How can we improve things? Algo users are not likely to share their individual runs with other users. This can reveal too much about their business. At the same time aggregate performance statistics (like performance of Algo1 over last month in currency pair X over number of runs N) are ok to share. Clearly credibility is the main problem. If self-reporting is allowed, a bias may be introduced (everyone is above average). Hence a central performance repository is the most logical way to solve aggregation problem. Aggregating algo runs can move individual uses from red to blue areas in the Figure 6 below:

2. Measuring information leakage 
There is a trend in FX algo execution for the algo user to analyze the underlying liquidity pools themselves. Effectively the end user (LC) uses bank order placement infrastructure (for a fee) but tries to make sure that the underlying liquidity pool is not “leaking”. That is there no LP in the underlying liquidity pool (see Figure 7, all in blue) that either uses the algo flow as a signal or inadvertently signals (via skewing for example) to other market participant the intentions of the algo flow. 

Algo User and algo vendor (Bank, algo Infrastructure provider on Figure 7) would have to communicate around common metrics to reach an agreement on underlying liquidity management and how it can be operated with bank order placement strategies. Hence, collaborative analytics becomes the key for algo user to achieve his objective.  

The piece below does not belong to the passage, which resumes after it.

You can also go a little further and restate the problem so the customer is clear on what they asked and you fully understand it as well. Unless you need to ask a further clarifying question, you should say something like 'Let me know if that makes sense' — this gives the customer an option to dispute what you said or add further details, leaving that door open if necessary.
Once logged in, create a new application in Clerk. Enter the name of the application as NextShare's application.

Figure 7: Algo User/Algo Vendor and Underlying Liquidity Analysis


This article demonstrates a number of execution workflows in FX (most them are applicable to any dealer market) where joint (collaborative) analytics are the best way to establish the optimal engagement between LP and LC. Dealers (Liquidity Providers) tend to produce their own report of rejection costs grading their own performance. However, the interplay between dealers is a crucial part of the trading dynamics and ignoring it can lead to wrong conclusions.
The article also argues that the experimentation is crucial. Unfortunately, it is down to FX traders to develop technology and expertise to do the experimentation. It seems natural though that while the decision making should be up to LPs and LCs, a common trading infrastructure would be beneficial. This would be consistent with right hand side market structure diagram on Figure 1. 

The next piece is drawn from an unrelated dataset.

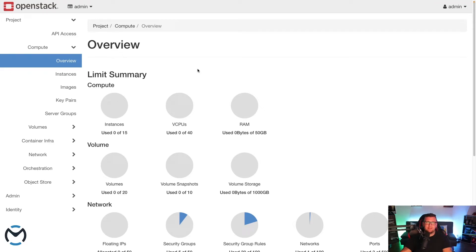Hi everyone, my name is Michael Levan and in this video we're going to learn how to create a Kubernetes cluster template in OpenStack, which is running on the Open Metal platform. With that, let's go ahead and dive right in.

Who could host such a necessary infrastructure? We have already seen that individual LPs cannot do this. An ECN observes the entire flow of LCs and hence is a potential candidate. In theory it might be true especially if an LC is trading exclusively with an ECN. In practice it is less obvious for the following reasons:

  • ECNs have their own workflow which need to be analyzed. So called “missed quotes” can be “no man’s land” in a sense that the LP does not see them so does not accept the blame while the client still incurs a real cost 
  • Analysis involves a considerable amount of historical data manipulation. Doing this is normally not the first level of expertise for an ECN. 
  • An ECN is normally in competition with other ECNs and hence has a definite interest in getting a “good grade”. Analysis which is too “forensic” is likely to backfire as other ECNs may respond by reporting that their numbers are better.

This task therefore should be left to an independent market utility. Important questions are whether the cost of running this utility becomes lower as the market benefits it brings increases  and who should bear the costs.